Tompkins County Trust Co. is new vendor for Cornell's procurement card
By Bill Steele
Cornell University is bringing some of the money it spends home to Tompkins County, and saving some for itself, by adopting Tompkins County Trust Co. (TCTC) as the vendor for the Visa cards used by campus faculty and staff.
The cards, known on campus as procurement cards, are used by campus departments for purchases up to $500 -- everything from taking a visiting professor to lunch to buying office supplies. The card system is a big timesaver for the university because it eliminates the need to process purchase orders or personal reimbursements for those purchases.
Cornell's contract with TCTC was signed in mid-June. TCTC will issue new cards to Cornell staff in early August.
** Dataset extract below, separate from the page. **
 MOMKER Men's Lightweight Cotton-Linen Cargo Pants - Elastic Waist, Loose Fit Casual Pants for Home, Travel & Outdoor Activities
The procurement card program was launched in August of 1997 in cooperation with Corestates Bank of Wilmington, Del., a pioneer in offering such services, which later merged into First Union Bank of Charlotte, N.C. While many of the purchases made with the cards are local, a small percentage of every transaction was going to North Carolina as the credit card provider's fee. From now on, that share will go to TCTC, increasing the assets the bank has for loans and other local services.
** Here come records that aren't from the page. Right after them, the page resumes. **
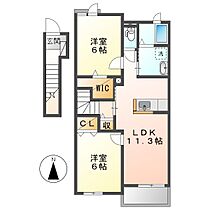 岡山県倉敷市真備町箭田（賃貸アパート2LDK・2階・58.21㎡） その2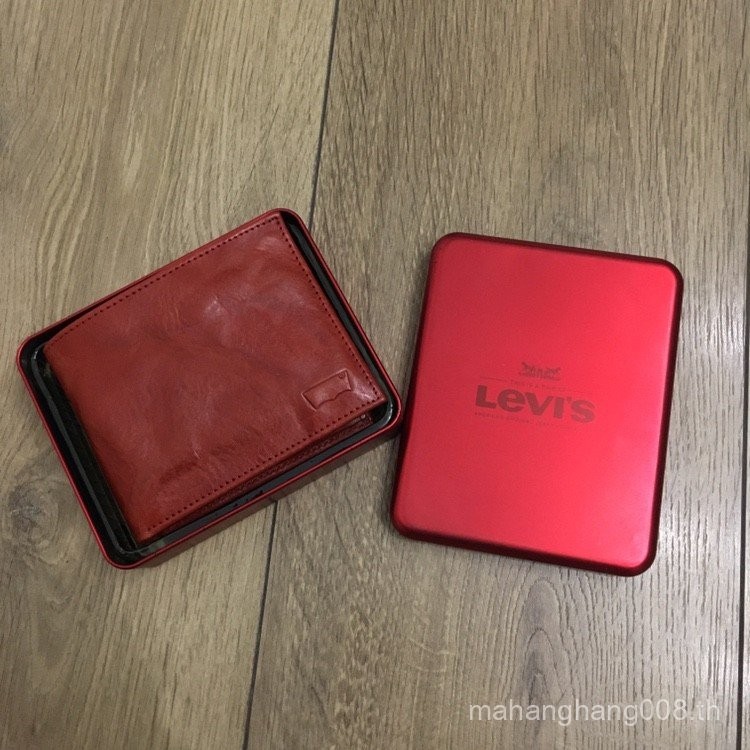 Levis Levis Levis Cowhide Wallet Card Holder Genuine Leather Short Wallet Tin Box Gift Box OYZY
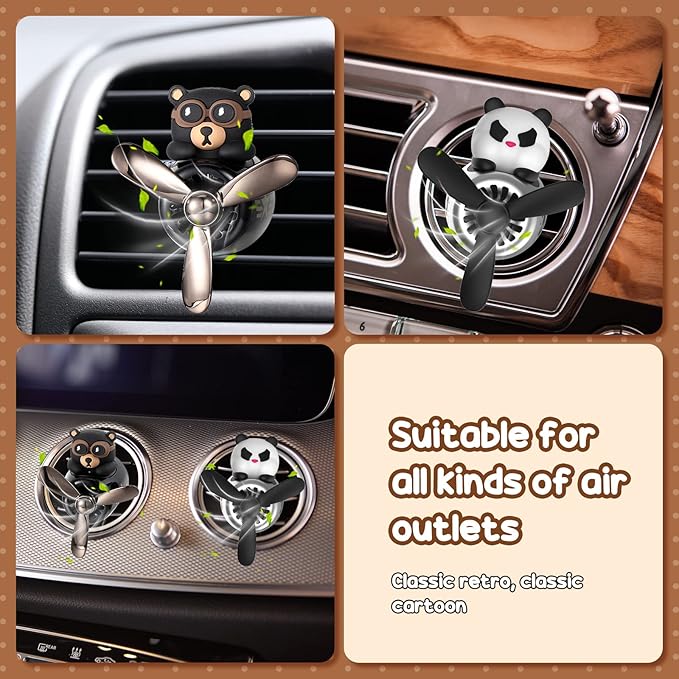2 Pcs Car Air Freshener Cute Car Diffuser Cartoon Outlet Fan Air Diffuser for Car Vent Perfume Automotive Decoration(Panda, Bear)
"We've been in the card-issuing business for many years, so this is not a complete departure for us," said Ben Herrmann, TCTC vice president for retail banking, noting that his bank already serves some 40,000 credit card customers.
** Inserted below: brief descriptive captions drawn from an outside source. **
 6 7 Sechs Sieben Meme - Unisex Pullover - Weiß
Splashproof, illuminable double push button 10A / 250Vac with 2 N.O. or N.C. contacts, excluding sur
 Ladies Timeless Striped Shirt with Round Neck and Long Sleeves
Right now, more than 3,000 Cornell faculty and staff members are using procurement cards and collectively charging over a million dollars a month, according to Kathy Dymock, procurement card administrator for the university's Office for Purchasing Services. Dymock said she expects to see those numbers increase rapidly over the coming year because her department is encouraging the use of the cards and is offering a new, simplified online training program for those who use them.
"There are several advantages Tompkins County Trust can offer us," Dymock said. "The most important is the fact that they are local. If you pick up the phone and call with a
question, they're going to be well aware of who Cornell is; they're just going to have a lot more information. Also, they are better able to handle transactions on campus, moving money from one department to another."
As part of the arrangement, TCTC will offer a reduced fee for on-campus transactions, such as when a department makes a purchase from the Campus Store.
"We are also quite active in the merchant-processing business, serving over 1,700 merchants," Herrmann said. What this means, he explained, is that when you make a credit card purchase with these merchants, no matter what card you use, the merchant's side of the transaction is handled by TCTC. "Because we do both halves of the business, we were able to bring some economies to Cornell," he said.